Chapter 3 - Key issues
The majority of submissions and witnesses expressed strong in-principle support
for the Bill and its objectives. However, submissions and witnesses drew to the
committee's attention a number of technical matters raised by the Bill which,
they argued, require further consideration prior to implementation. This
chapter examines the main issues and concerns raised in the course of the
Submissions and witnesses welcomed the Bill as a means of removing the
potential loophole highlighted by the decision of Cook v Benson
by enabling the recovery of superannuation contributions made prior to
bankruptcy with the intention of defeating creditors. The general view was that
the Bill represents a workable and balanced approach between the interests of
bankrupts and the interests of creditors, at the same time minimising any active
role for superannuation fund trustees.
Some submissions and witnesses also commented that the Bill represents a
simpler, less costly and preferable approach to earlier Federal Government proposals
for reform in this area.
Many of those who provided evidence to the committee commended the
extensive nature of the Federal Government's consultation process in relation
to the Bill.
For example, the Australian Finance Conference noted that it has had 'a
good opportunity to participate in discussion on the policy in this Bill along
with a range of other policy proposals related to personal insolvency over
Dr Brad Pragnell from the Association of Superannuation Funds of Australia
(ASFA) told the committee that:
We were quite involved in discussions with [the Department of
the] Treasury and [the] I[nsolvency] T[rust] S[ervice] A[ustralia] in earlier
consultations back in 2003, 2005 and more recently around this bill. I think
generally we have found the process has been quite good. Those agencies have
been very open to listening to industry concerns. In respect of cost and
complexity we were quite pleased, as I mentioned in our opening remarks, to see
that there was a rethink around the 2005 proposals, which would have imposed
considerable cost and complexity. Other than maybe finessing certain aspects of
this bill, we think that the regime is definitely a significant improvement and
definitely achieves the policy objectives that were set out back in 2003.

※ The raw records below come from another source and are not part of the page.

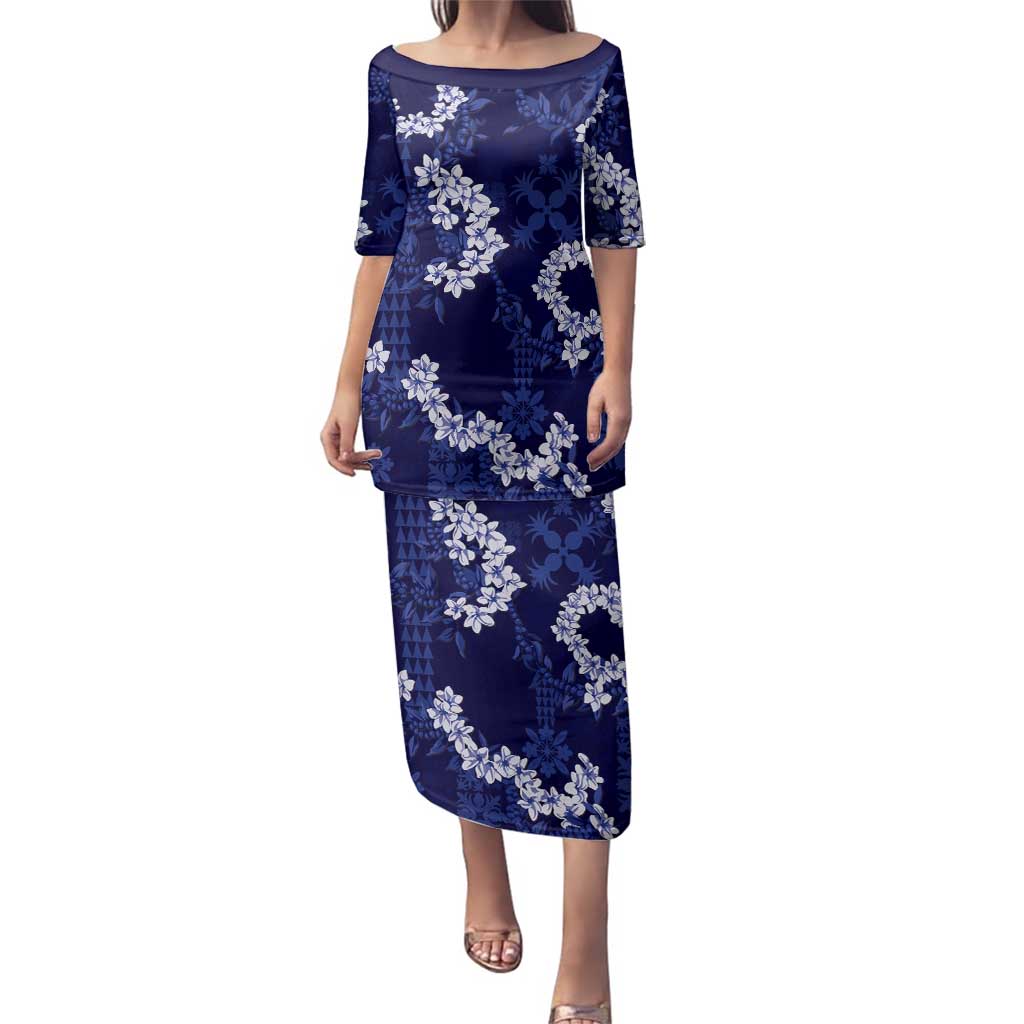 Mokihana Maile and Ilima Leis Family Matching Puletasi and Hawaiian Shirt Uliuli Hawaiian Tapa Quilt Pattern LT9 Mom's Dress Blue - Polynesian Pride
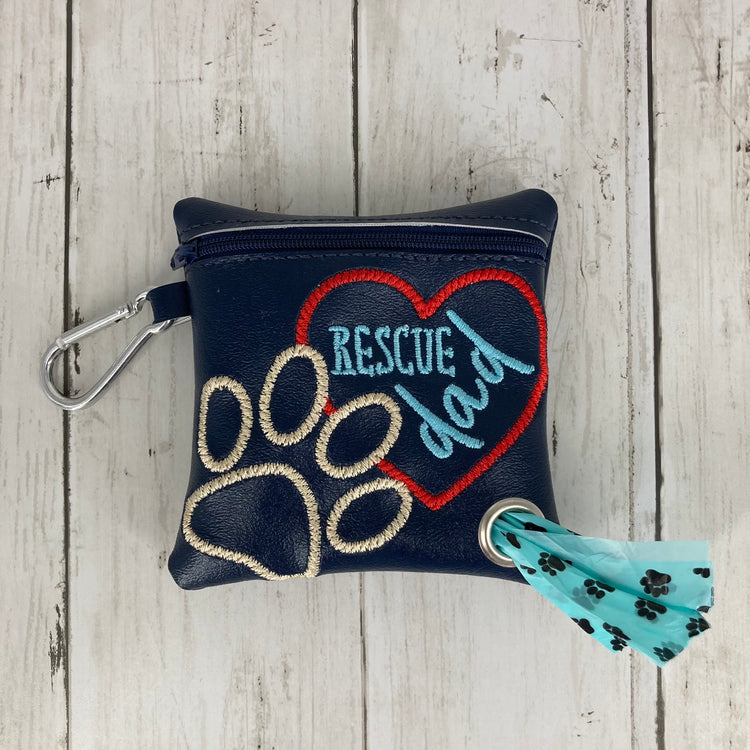 Dog Poo Bag Holder (Rescue Dad, Navy/Navy)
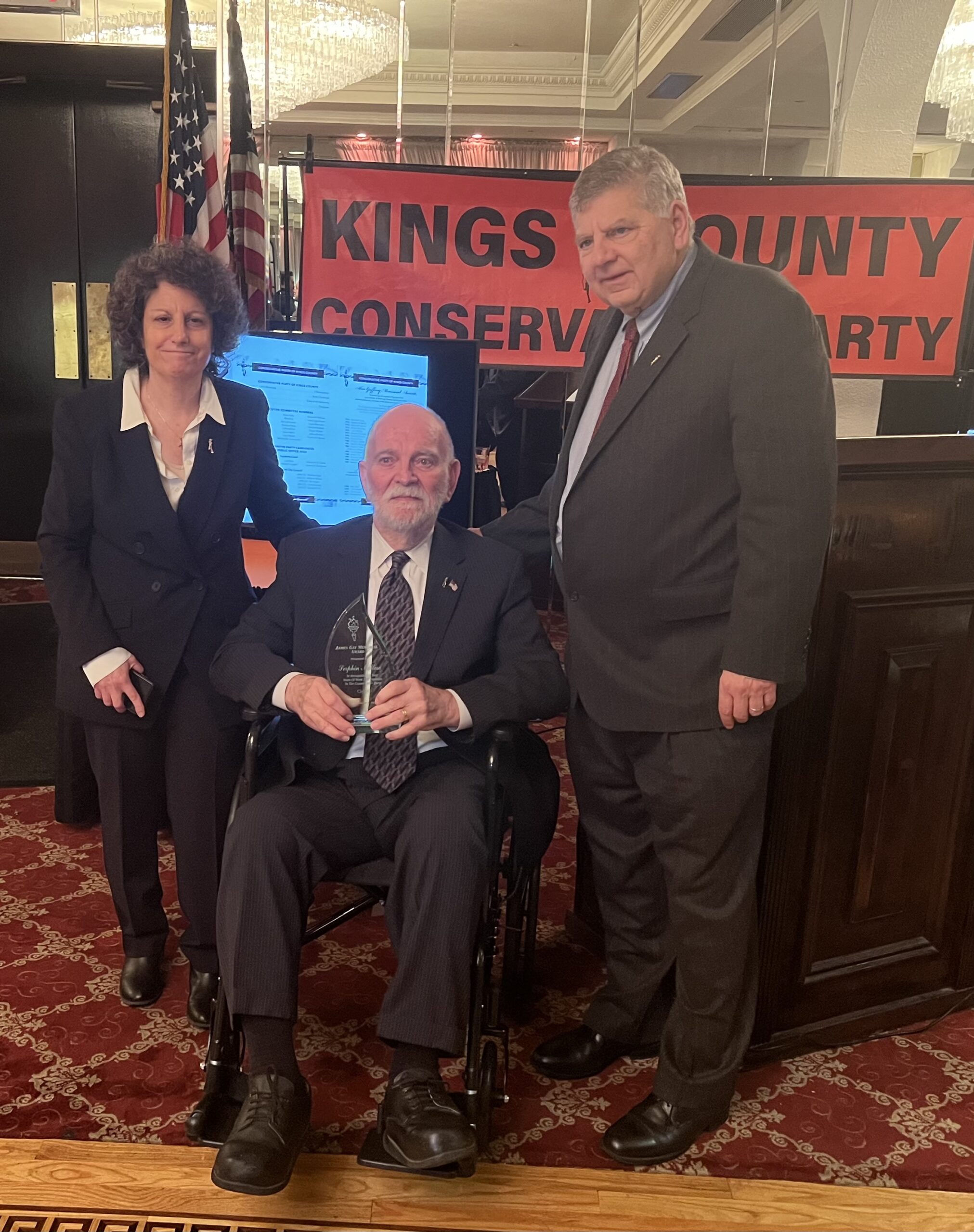 (From left) Fran Vella-Marrone, chairwoman, Kings County Conservative Party; former State Sen. Serphin Maltese, recipient of the Jim Gay Award; and Jerry Kassar, chairman, New York State Conservative Party (From left) Fran Vella-Marrone, chairwoman, Kings County Conservative Party; former State Sen. Serphin Maltese, recipient of the Jim Gay Award; and Jerry Kassar, chairman, New York State Conservative Party.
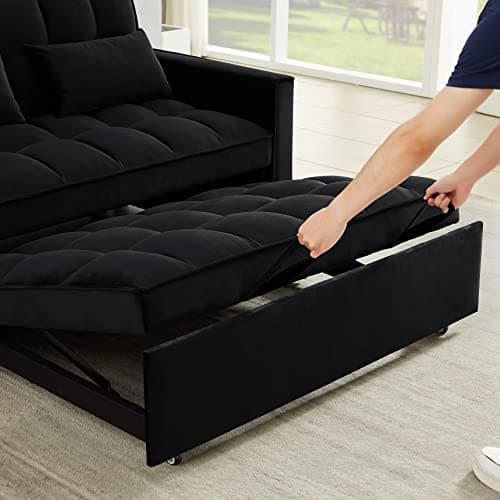 3-in-1 Pull-Out Sleeper Sofa Bed Convertible Loveseat Velvet Daybed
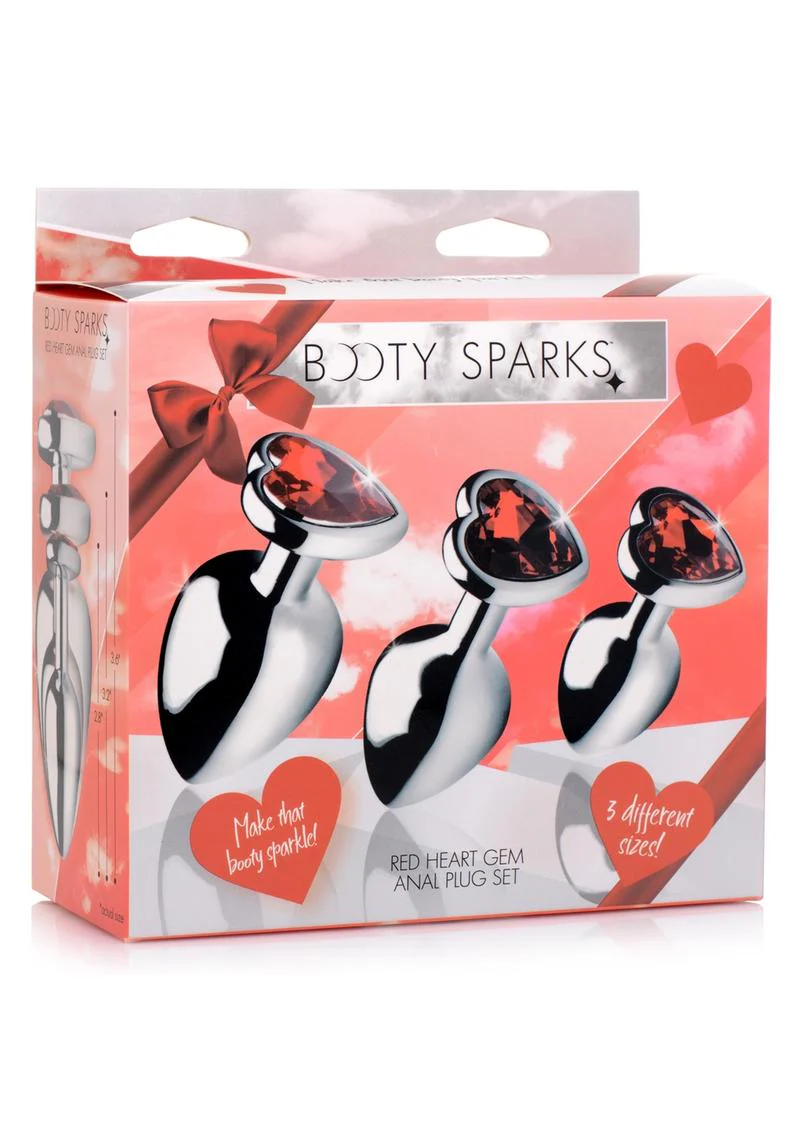 Booty Sparks Gemstones Red Jasper Hearts Anal Plug - Image 2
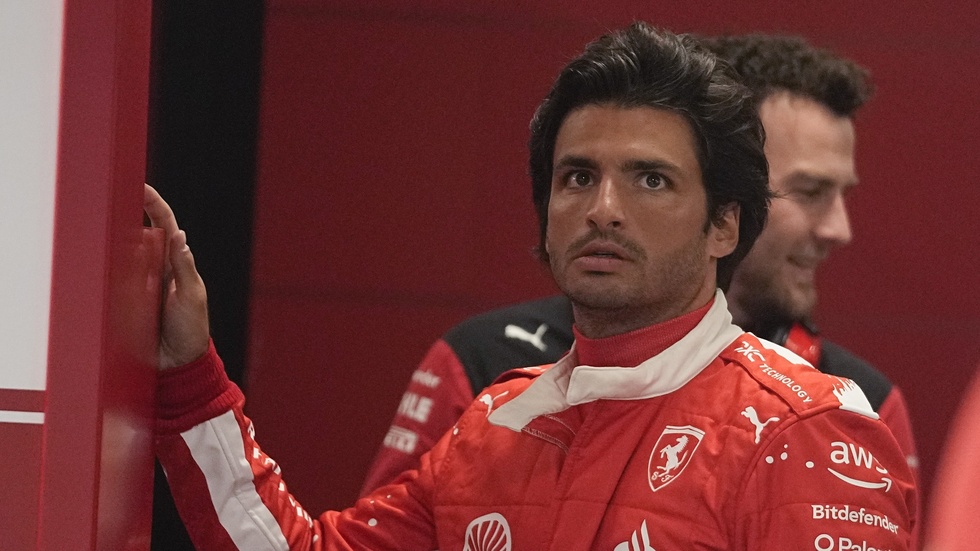 Ferraris Carlos Sainz under fredagens träning i Las Vegas.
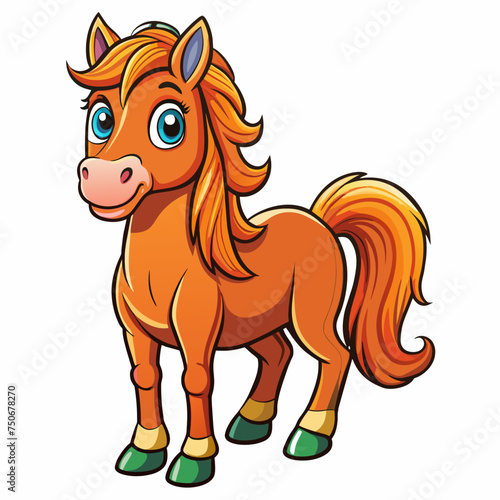Horse colt filly mare stallion bronco foal gelding mustang nag plug pony steed animal pet vector illustration draw cartoon pretty cute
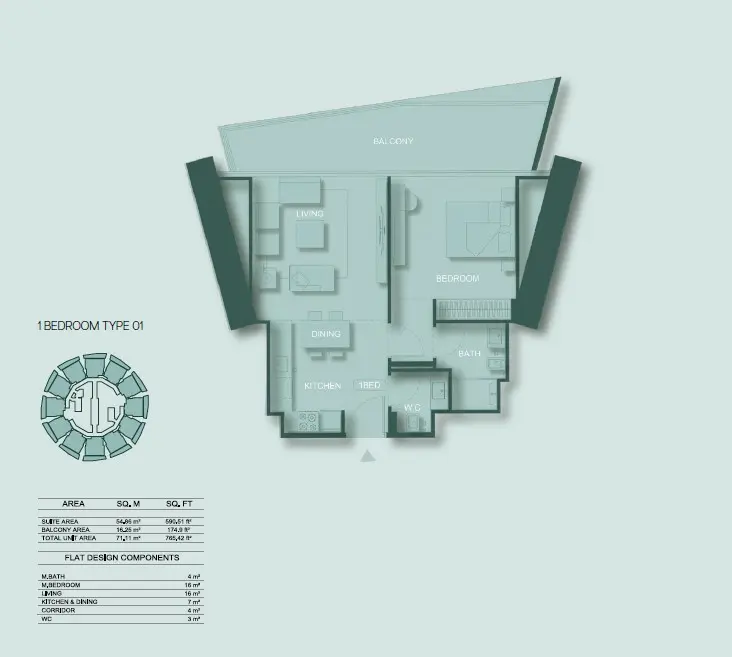 Floor plan for Type 01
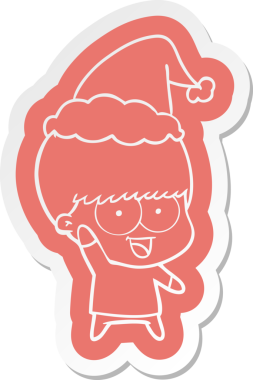 Bir insan tarafından çizilmiş Noel Baba şapkasıyla el sallayan bir çocuğun komik karikatür çıkartması.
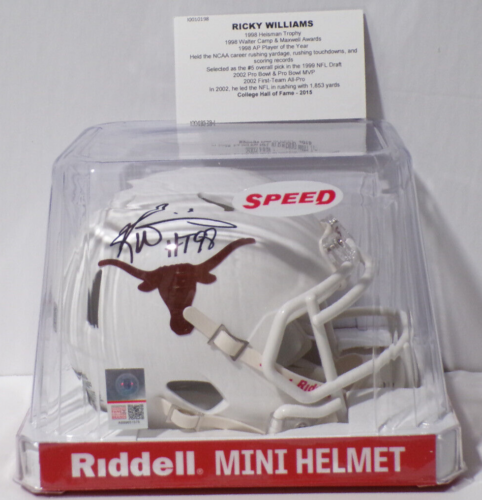 Mini casque dédicacé Tristar trésors cachés Ricky Williams Texas Longhorns - Photo 1/2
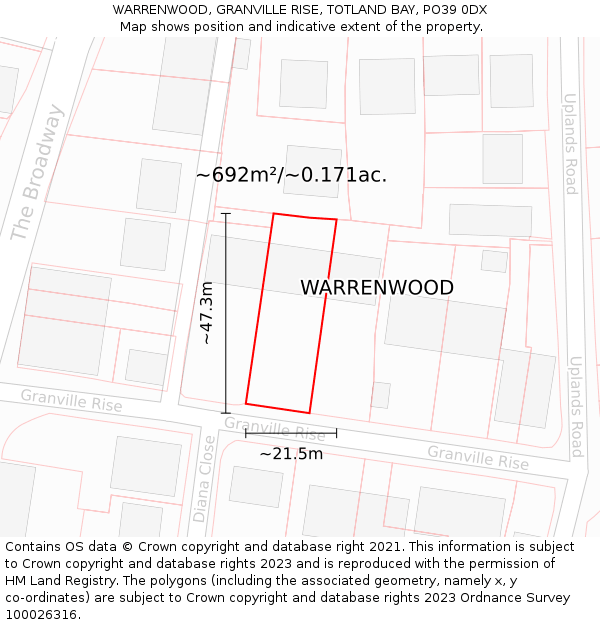 WARRENWOOD, GRANVILLE RISE, TOTLAND BAY, PO39 0DX: Plot and title map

The committee acknowledges the comprehensive and wide-ranging
consultation undertaken by the Federal Government in relation to the Bill.
Some submissions and witnesses submitted that, despite the overall
soundness of the approach taken in the Bill, certain provisions may warrant
minor technical amendment to improve their practical operation or to avoid
unintended consequences. Some of these issues are discussed below.
Delay in commencement
The committee received some evidence suggesting that the commencement
date of the substantive provisions of the Bill should be delayed until 1 January 2008 to allow implementation of the necessary changes to administration systems,
processes and procedures.
As Dr Pragnell from ASFA told the committee:
ASFA does have concerns about the capacity of the [superannuation]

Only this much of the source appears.